Single by Ashanti featuring Black Child

from the album Chapter II and Collectables by Ashanti
- Released: 2004
- Studio: Crackhouse Studios (New York, NY)
- Length: 3:44
- Label: Murder Inc.; Island Def Jam;
- Songwriter(s): Ashanti Douglas; Andre Parker; Irving Lorenzo; Christopher Wallace; Fred Wesley; James Brown; Roy C. Hammond;
- Producer(s): Irv Gotti; Chink Santana;

Ashanti singles chronology
| "Rain on Me" (2003) | "Breakup 2 Makeup (Remix)" (2004) | "Southside" (2004) |

= Breakup 2 Makeup =

"Breakup 2 Makeup (Remix)" is a song by American singer Ashanti, released as the first single from her first remix album Collectables by Ashanti.
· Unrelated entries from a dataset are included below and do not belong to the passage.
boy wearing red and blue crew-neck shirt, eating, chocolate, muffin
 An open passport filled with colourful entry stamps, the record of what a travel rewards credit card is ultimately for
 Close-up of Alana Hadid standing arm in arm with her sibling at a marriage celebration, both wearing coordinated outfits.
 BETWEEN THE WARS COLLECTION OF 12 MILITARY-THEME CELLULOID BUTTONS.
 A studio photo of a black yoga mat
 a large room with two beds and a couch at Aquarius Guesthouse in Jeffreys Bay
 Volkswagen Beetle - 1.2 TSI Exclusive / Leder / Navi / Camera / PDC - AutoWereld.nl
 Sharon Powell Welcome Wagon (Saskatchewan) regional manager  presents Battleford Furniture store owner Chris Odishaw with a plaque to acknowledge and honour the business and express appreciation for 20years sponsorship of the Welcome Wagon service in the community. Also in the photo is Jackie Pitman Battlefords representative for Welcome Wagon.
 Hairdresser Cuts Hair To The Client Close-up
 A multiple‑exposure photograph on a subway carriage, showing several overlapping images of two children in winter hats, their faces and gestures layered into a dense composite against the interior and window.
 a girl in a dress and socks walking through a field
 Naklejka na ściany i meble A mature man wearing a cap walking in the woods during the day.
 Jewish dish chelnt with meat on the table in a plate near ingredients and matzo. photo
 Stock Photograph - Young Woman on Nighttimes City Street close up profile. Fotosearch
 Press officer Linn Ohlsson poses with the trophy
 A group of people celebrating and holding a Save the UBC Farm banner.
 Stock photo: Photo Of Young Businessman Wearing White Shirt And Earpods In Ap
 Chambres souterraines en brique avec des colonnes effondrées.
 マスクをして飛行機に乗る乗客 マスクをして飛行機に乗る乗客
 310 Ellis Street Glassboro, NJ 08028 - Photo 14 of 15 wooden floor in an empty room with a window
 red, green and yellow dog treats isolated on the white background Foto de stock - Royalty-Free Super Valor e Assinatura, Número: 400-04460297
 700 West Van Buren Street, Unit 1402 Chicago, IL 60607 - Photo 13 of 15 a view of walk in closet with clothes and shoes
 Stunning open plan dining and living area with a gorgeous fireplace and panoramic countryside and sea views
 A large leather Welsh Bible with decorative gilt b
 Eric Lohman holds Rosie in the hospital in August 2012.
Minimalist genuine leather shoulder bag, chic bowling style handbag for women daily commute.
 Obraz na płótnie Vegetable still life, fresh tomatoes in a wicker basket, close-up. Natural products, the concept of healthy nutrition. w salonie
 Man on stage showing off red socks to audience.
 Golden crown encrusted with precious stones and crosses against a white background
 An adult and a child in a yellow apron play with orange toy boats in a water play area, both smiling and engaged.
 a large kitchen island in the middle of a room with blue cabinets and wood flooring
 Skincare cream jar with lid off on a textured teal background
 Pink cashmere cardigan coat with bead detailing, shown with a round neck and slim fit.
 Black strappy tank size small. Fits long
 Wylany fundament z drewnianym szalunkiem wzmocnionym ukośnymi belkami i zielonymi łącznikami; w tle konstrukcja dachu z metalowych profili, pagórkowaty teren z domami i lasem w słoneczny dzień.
It features her labelmate Black Child. It reached number 76 on the US Billboard Hot R&B/Hip-Hop Singles & Tracks chart, becoming Ashanti's first single to not reach the US Billboard Hot 100. The song was originally recorded as a solo version on Ashanti's second album Chapter II but was later remixed for the single release while Ashanti was working on her next album.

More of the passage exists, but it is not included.